A ação da Prefeitura de Manaus ocorreu por volta das 9h dessa quinta-feira, 7, em um depósito usado por vendedores ambulantes para guardar carrinhos de trabalho, na rua Bernardo Ramos, bairro Centro, Zona Sul. A operação resultou na apreensão das mercadorias dos trabalhadores autônomos e provocou confusão no local, incluindo agressões a vendedores ambulantes e a um guarda municipal.

Em vídeos registrados pela CENARIUM, comerciantes tentam recuperar os produtos armazenados no depósito, usados na venda de alimentos como churrasco, salgados e água, mas são impedidos por agentes da Guarda Municipal. Em uma das gravações, uma mulher, desesperada ao ver sua fonte de renda ameaçada, é contida pelas roupas por pelo menos três guardas municipais.

Trabalhadores informais que atuam na região central protestaram contra a operação, alegando apreensão irregular de mercadorias, agressões físicas e até prisões. Eles denunciam que a ação foi realizada de forma violenta, sem diálogo ou possibilidade de negociação. Além da Guarda Municipal, policiais da Ronda Ostensiva Cândido Mariano (Rocam) foram acionados para conter o ato. Foi um abuso. A gente só quer trabalhar”, disse um dos vendedores, que preferiu não se identificar.

Guardas municipais de Manaus em manifestação de ambulantes no Centro (Alinne Bindá/CENARIUM)

Muitos afirmam que perderam produtos e equipamentos, comprometendo diretamente o sustento de suas famílias, como é o caso da comerciante informal Astrides Alves, de 49 anos.

Nós queremos uma solução pra ele liberar pra gente trabalhar, nós queremos só trabalhar e ele não tá deixando, não foi isso que ele cumpriu [sic] com a gente quando ele queria voto, o prefeito, ele soube vim atrás da gente, veio aqui, me abraçou, olha a falsidade dele. Abraçou, dizendo que não ia ser assim, que ia ser umas coisas boas. Mentira”, disse a vendedora ambulante.

O foco da ação, segundo servidores da prefeitura no local, foi fiscalizar carrinhos de comida clandestinos que não estão regularizados para a venda. A gestão municipal deu início, nesta semana, ao “Mutirão no Centro”, ação de reordenamento urbano que a prefeitura chama de “revitalização” da área central da cidade.

Higienização social

Especialistas ouvidos pela CENARIUM, na terça-feira, 5, apontaram que a Prefeitura de Manaus tem promovido, sob gestão do prefeito David Almeida (Avante), “limpeza social” ou “higienização social” no Centro da capital, ao realizar uma série de ações chamadas pela gestão municipal de “revitalização“.

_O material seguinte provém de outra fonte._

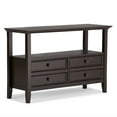 thumbnail image 1 of SIMPLIHOME Amherst Table Console d'Entrée de Style Transitionnel en Bois Massif de 48 Pouces de Large en Brun Hickory avec Rangement, 2 Tiroirs et 1 Tablette, pour le Salon, l'Entrée et la Chambre, 1 of 2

Leia também: Especialistas veem ‘higienização social’ em ação da Prefeitura de Manaus no Centro

O antropólogo e doutor em Sociologia do Desenvolvimento e Transformação Social Lino João de Oliveira Neves avaliou que as ações recentes da Prefeitura de Manaus, voltadas ao reordenamento da área com o impedimento de que ambulantes atuem no local, fazem parte de um processo histórico recorrente em grandes cidades conhecido como “higienização social“. Para ele, a ação busca esconder a desigualdade urbana ao invés de enfrentá-la.

Eu vejo nessa ação da prefeitura mais uma vez uma medida que, em termos de história de urbanização, tem sido chamado de higienização. Mostrar a higienização da cidade em contraposição à ocupação precária. Isso aconteceu em várias cidades do Brasil“, declarou o especialista.

Resposta da prefeitura

Em justificativa à operação, o prefeito David Almeida (Avante) alegou que a ação visa ordenar o espaço urbano, remover estruturas irregulares e recolher alimentos fora dos padrões sanitários, com foco na segurança alimentar e na melhoria da mobilidade. A Semacc informou, em nota, que o depósito fiscalizado armazenava, irregularmente, carrinhos de comida, equipamentos e produtos fora da validade, em condições insalubres.

A CENARIUM questionou a Prefeitura de Manaus, por e-mail à Secretaria Municipal de Comunicação (Semcom), sobre para onde vão os materiais recolhidos e se há algum tipo de acompanhamento social, cadastro ou encaminhamento a políticas públicas de emprego, habitação ou assistência. Também foi questionado quais políticas públicas ou alternativas a Prefeitura tem oferecido aos ambulantes removidos.